THE CLAIM In another effort to show that men are discriminated against, many men’s rights activists assert that women attack men just as much as men attack women, if not more. The website MensActivism.org is one of many that criticizes what it characterizes as “the myth that women are less violent than men.”

THE REALITY Men’s rights groups often cite the work of Deborah Capaldi, a researcher with the Oregon Learning Center, to back their claim. Capaldi did find that women sometimes initiate partner violence, although women involved in mutually aggressive partner relationships were more likely to suffer severe injuries than the men. But Capaldi studied only a very particular subset of the population — at-risk youth — rather than women in general, invalidating any claim that her findings applied generally. In fact, the 2000 Department of Justice study found that violence against both women and men is predominantly male violence. Nine in 10 women (91.9%) who were physically assaulted since the age of 18 were attacked by a male, while about one in seven male assault victims (14.2%) were victimized by females. Similarly, all female rape victims in the study were attacked by a male, while about a third of male victims (35.8%) were raped by a female.

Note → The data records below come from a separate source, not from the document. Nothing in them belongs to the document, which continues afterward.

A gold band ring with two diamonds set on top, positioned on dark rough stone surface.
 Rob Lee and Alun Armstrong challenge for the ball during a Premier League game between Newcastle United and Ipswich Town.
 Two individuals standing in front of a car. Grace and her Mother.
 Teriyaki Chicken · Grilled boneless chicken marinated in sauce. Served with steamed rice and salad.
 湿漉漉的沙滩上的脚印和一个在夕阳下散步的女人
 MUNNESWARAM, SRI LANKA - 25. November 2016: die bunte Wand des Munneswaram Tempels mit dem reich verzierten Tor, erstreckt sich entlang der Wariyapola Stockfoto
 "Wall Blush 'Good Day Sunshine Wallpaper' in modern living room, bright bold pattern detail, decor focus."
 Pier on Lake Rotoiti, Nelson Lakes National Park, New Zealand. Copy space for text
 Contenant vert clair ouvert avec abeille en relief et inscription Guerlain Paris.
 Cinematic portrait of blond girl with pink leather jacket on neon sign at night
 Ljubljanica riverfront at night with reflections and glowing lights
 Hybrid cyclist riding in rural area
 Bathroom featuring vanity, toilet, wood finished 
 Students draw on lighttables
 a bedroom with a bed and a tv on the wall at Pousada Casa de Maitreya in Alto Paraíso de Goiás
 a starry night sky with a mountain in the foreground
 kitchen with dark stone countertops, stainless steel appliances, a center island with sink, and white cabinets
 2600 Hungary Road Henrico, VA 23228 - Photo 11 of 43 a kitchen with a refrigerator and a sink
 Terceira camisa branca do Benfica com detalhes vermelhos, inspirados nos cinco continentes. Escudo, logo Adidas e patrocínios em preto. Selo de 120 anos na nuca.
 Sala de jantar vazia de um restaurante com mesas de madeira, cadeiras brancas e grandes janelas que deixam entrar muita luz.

THE CLAIM Close to half or even more of the sexual assaults reported by women never occurred. Versions of this claim are a mainstay of sites like Register-Her.com, which specializes in vilifying women who allegedly lie about being raped. Such claims are also sometimes made by men involved in court custody battles.

THE REALITY This claim, which has gained some credence in recent years, is largely based on a 1994 article in the Archives of Sexual Behavior by Eugene Kanin that found that 41% of rape allegations in his study were “false.” But Kanin’s methodology has been widely criticized, and his results do not accord with most other findings. Kanin researched only one unnamed Midwestern town, and he did not spell out the criteria police used to decide an allegation was false. The town also polygraphed or threatened to polygraph all alleged victims, a now-discredited practice that is known to cause many women to drop their complaint even when it is true. In fact, most studies that suggest high rates of false accusations make a key mistake — equating reports described by police as “unfounded” with those that are false. The truth is that unfounded reports very often include those for which no corroborating evidence could be found or where the victim was deemed an unreliable witness (often because of drug or alcohol use or because of prior sexual contact with the attacker). They also include those cases where women recant their accusations, often because of a fear of reprisal, a distrust of the legal system or embarrassment because drugs or alcohol were involved. The best studies, where the rape allegations have been studied in detail, suggest a rate of false reports of somewhere between 2% and 10%. The most comprehensive study, conducted by the British Home Office in 2005, found a rate of 2.5% for false accusations of rape. The best U.S. investigation, the 2008 “Making a Difference” study, found a 6.8% rate.